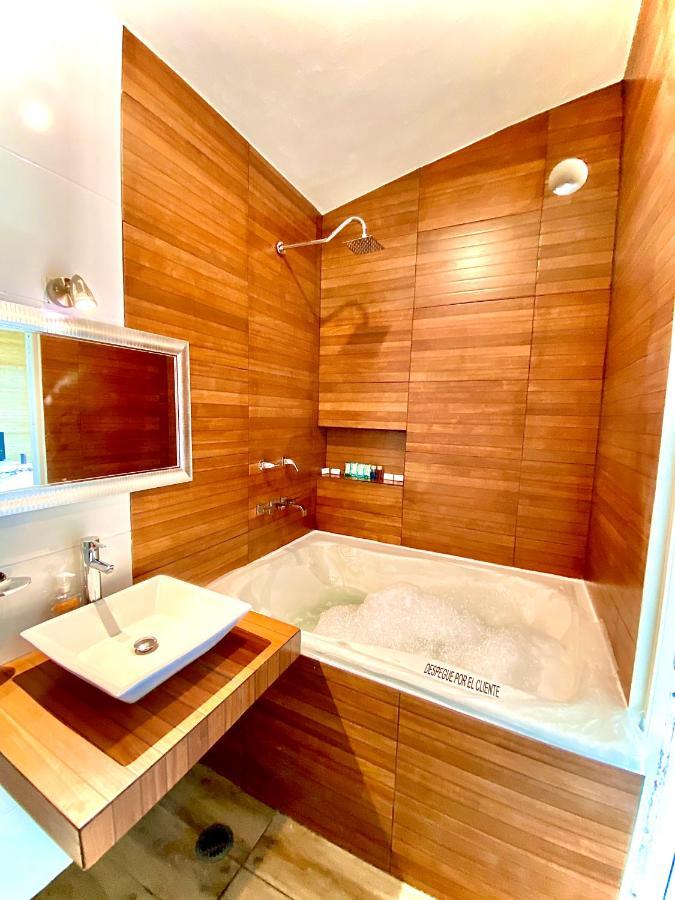 Loft Arte & Diseno: Urban Oasis With Private Jacuzzis And Terrace * Cuernavaca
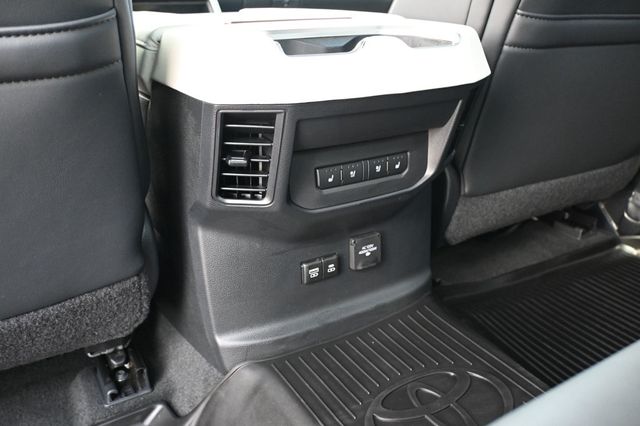 2023 Toyota Tundra 4WD Capstone Hybrid CrewMax 4X4 - 22915227 - 20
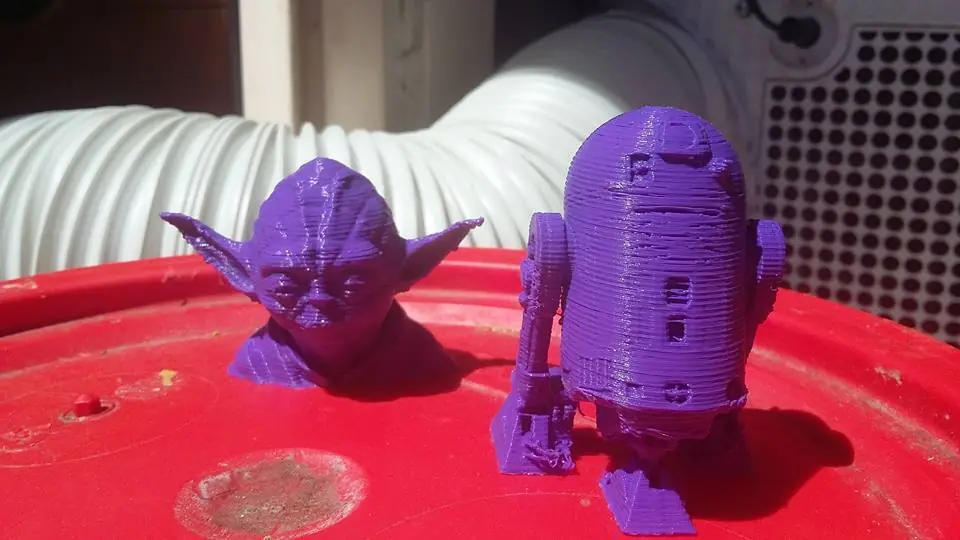 Tengo una impresora 3d y hago el sable de Kylo ren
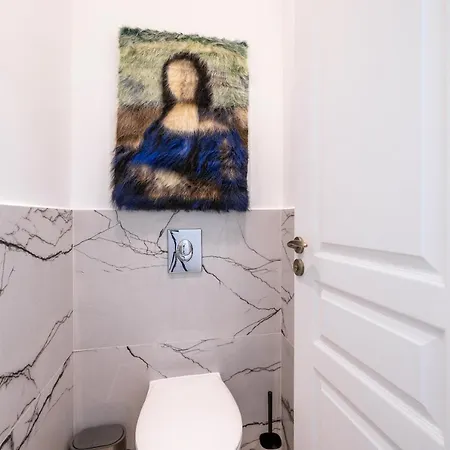 Apartment Renting - France - Luxury Palace Jacuzzi - Few Meters From Sea *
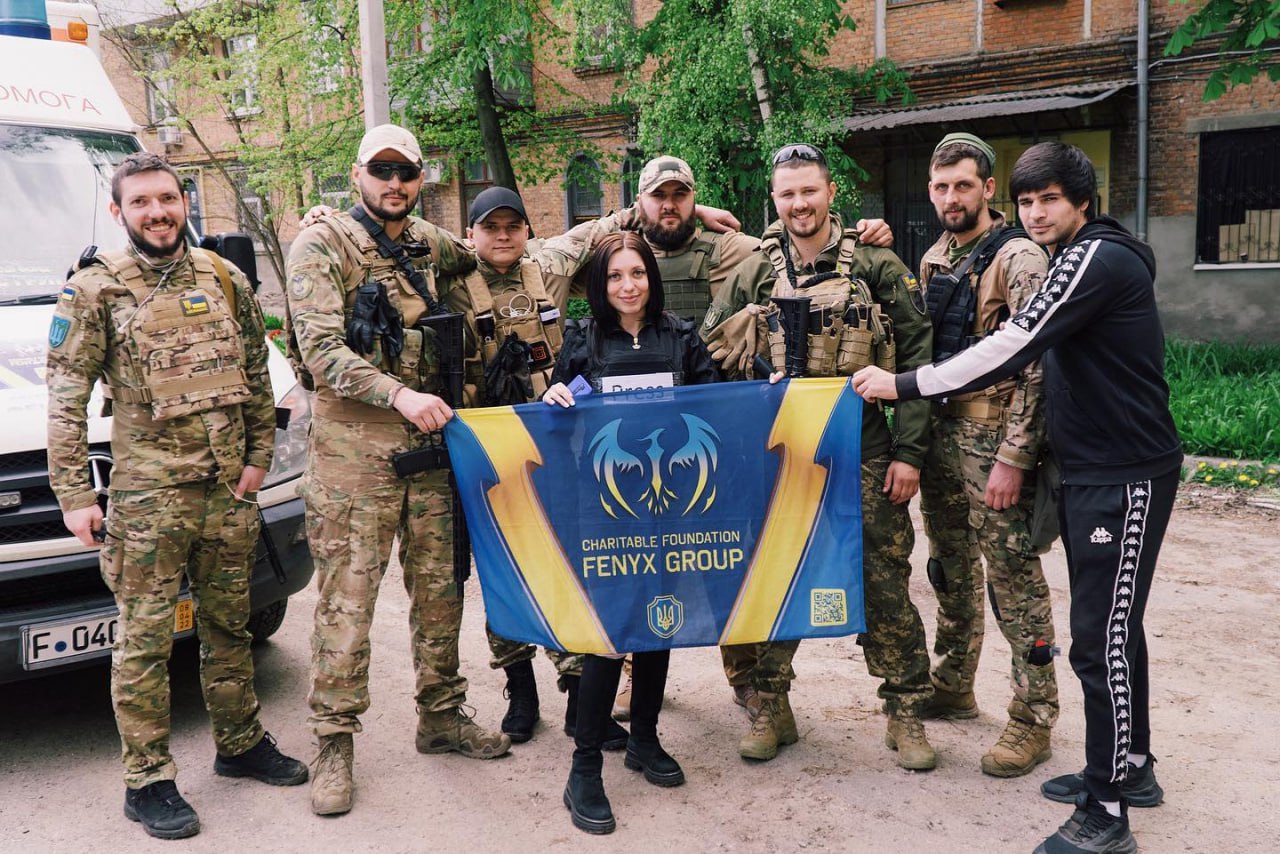 Ілюстрація до публікації «В Києві ряд осіб видаючи себе за волонтерів та представників благодійного фонду здійснювали постачання автомобілів та гуманітарної допомоги на потреби ЗСУ, однак автівки…»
::::::::::
# Description of the task
Exactly the lines from the one that contains "Tengo una impresora" to the last line of the data, both included, should be set down, and no pictures should appear among them.

# Solution below
 Tengo una impresora 3d y hago el sable de Kylo ren
 Apartment Renting - France - Luxury Palace Jacuzzi - Few Meters From Sea *
 Ілюстрація до публікації «В Києві ряд осіб видаючи себе за волонтерів та представників благодійного фонду здійснювали постачання автомобілів та гуманітарної допомоги на потреби ЗСУ, однак автівки…»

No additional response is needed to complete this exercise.